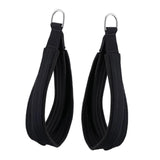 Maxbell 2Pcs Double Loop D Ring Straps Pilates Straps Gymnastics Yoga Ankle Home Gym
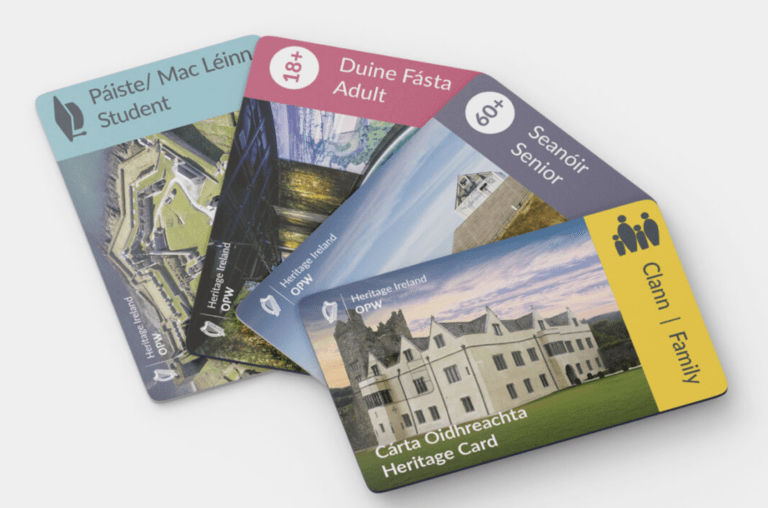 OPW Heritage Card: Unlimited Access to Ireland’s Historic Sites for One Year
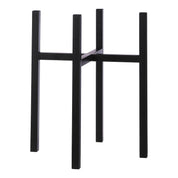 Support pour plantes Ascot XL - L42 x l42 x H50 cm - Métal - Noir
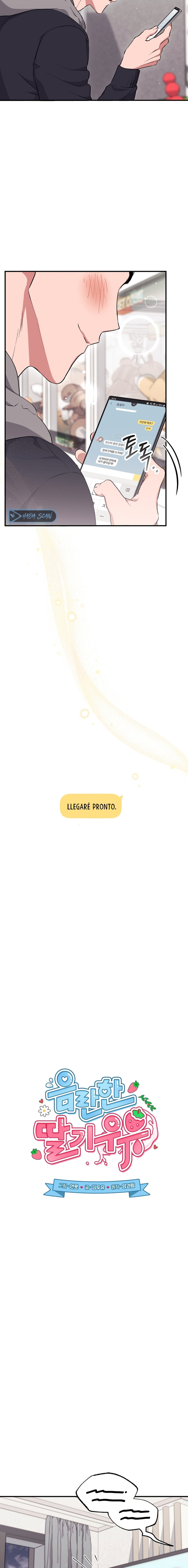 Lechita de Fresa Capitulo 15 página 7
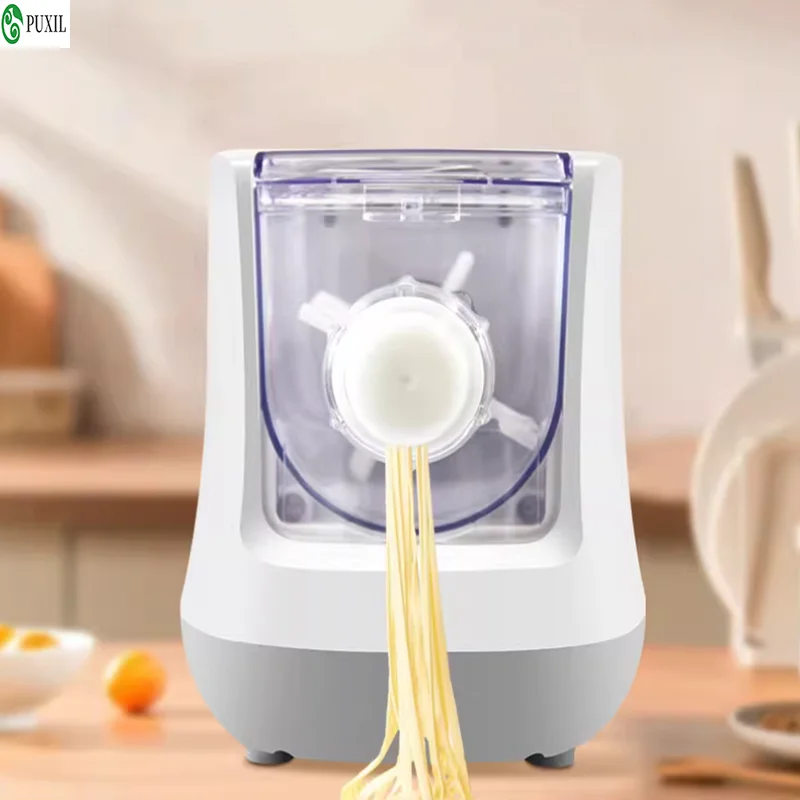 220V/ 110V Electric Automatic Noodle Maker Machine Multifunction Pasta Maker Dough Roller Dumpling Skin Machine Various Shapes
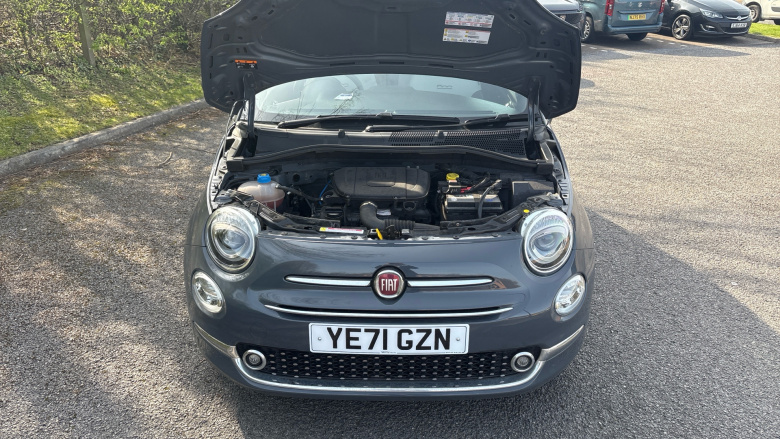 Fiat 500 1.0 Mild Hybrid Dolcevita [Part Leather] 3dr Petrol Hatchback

Description of the task
Every line of the listing is to be repeated exactly, and the pictures are to be dropped.

Exercise solution
 Maxbell 2Pcs Double Loop D Ring Straps Pilates Straps Gymnastics Yoga Ankle Home Gym
 OPW Heritage Card: Unlimited Access to Ireland’s Historic Sites for One Year
 Support pour plantes Ascot XL - L42 x l42 x H50 cm - Métal - Noir
 Lechita de Fresa Capitulo 15 página 7
 220V/ 110V Electric Automatic Noodle Maker Machine Multifunction Pasta Maker Dough Roller Dumpling Skin Machine Various Shapes
 Fiat 500 1.0 Mild Hybrid Dolcevita [Part Leather] 3dr Petrol Hatchback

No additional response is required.